The other evening a friend stepped up to say hello after I entered the front hallway at McKenzie Study Center. She gave me a hug and mentioned she'd been thinking about a story I read months ago to our haphazard writing group from church. Finding out she remembered a creative effort of mine started the night off right (especially after I'd spent far too much of my day anxiousizing over whether or not my latest written project might be accepted somewhere). Thanks, Gabe; you probably can't know the encouragement you splashed my direction.
We were at the brick building alternately known as the Study Center, Study Center House or Gutenberg (because it houses people who attend MSC classes and those of Gutenberg College). The evening's event took place in the Puccinelli Gallery, a basement room where many an artist's display has found viewers, college classes have enriched minds of all ages and assorted talents have expressed themselves via music, poetry, drama. I settled into a chair to experience a Gutenberg "open mike night" in conjunction with the institution's week-long annual Summer Institute. As always, I knew anything might happen.

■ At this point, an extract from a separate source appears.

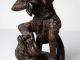 Hand Carved Black Ebony Hindu Balinese Monkey - God And Demon,  Bali,  Indonesia Pacific Islands & Oceania photo 5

It did. We were treated to guitarists, a banjo and cello player, filmmakers who'd forgotten to set up sound for their short film (and so the audience waited, kept from boredom by occasional callings-out: "Did you hear what happens when two hippies fall in love? It's an organic experience", etc.) and a musician experimenting with electronically-generated sounds played back on cassette and reel-to-reel players (achieving amazingly melodic results). Poets read their own and others' works; a good friend of mine recited hers. Then a young woman, recently graduated in mathematics from MIT, sang the "Tech Fight Song," and I managed to understand a few of the nerdy references involved.
Thunderous applause followed each act. We, the audience, meant it--these guys and women were good. Yet maybe there is such quality emerging, and the emerging qualities are appreciated, because of the kind of community painstakingly planted and nurtured here. The issues chewed over on many different, more serious occasions--and I mean really chewed over--are those arising from a sober grappling with historical texts, predominantly the Bible. Repeatedly these questioners, the radical biblicists I've mentioned before, lift out of the box an understanding of the gospel Jesus preached in order to handle and prod it, lovingly, in honor of its accepted authority, seeking to learn from it rather than use it to bolster acquired assumptions.
I still pinch myself in the midst of this group. These nerdy, artistic, reflective people arrived gift-wrapped on my doorstep one dreary autumn. They remain a vibrant example of God's way: the Creator charts a course least expected; plots a surprise unlooked-for; sets events in motion for the wonderment of his little ones as they discover his boundless generosity.
One act from our talent night soothed my artistic emotions and helped lift me out of self-absorbed funk-ness. McKenzie Stubbert skillfully played piano and sang an original song from his newly-iTunes-available CD, That Is To Say. His "This Isn't It" contains the lyrics:
Do what you want
with what you've got,
but it might not
be what you thought.
Just don't forget, this isn't it.
Treasure I receive from God's hand, whether it's a loving Christian community or an opportunity to set talents on display, ought be enjoyed and accepted as genuine, though temporal, and revealing more about the Giver than about me. Thanks, McKenzie; you may not realize how clearly your tuneful words proclaim.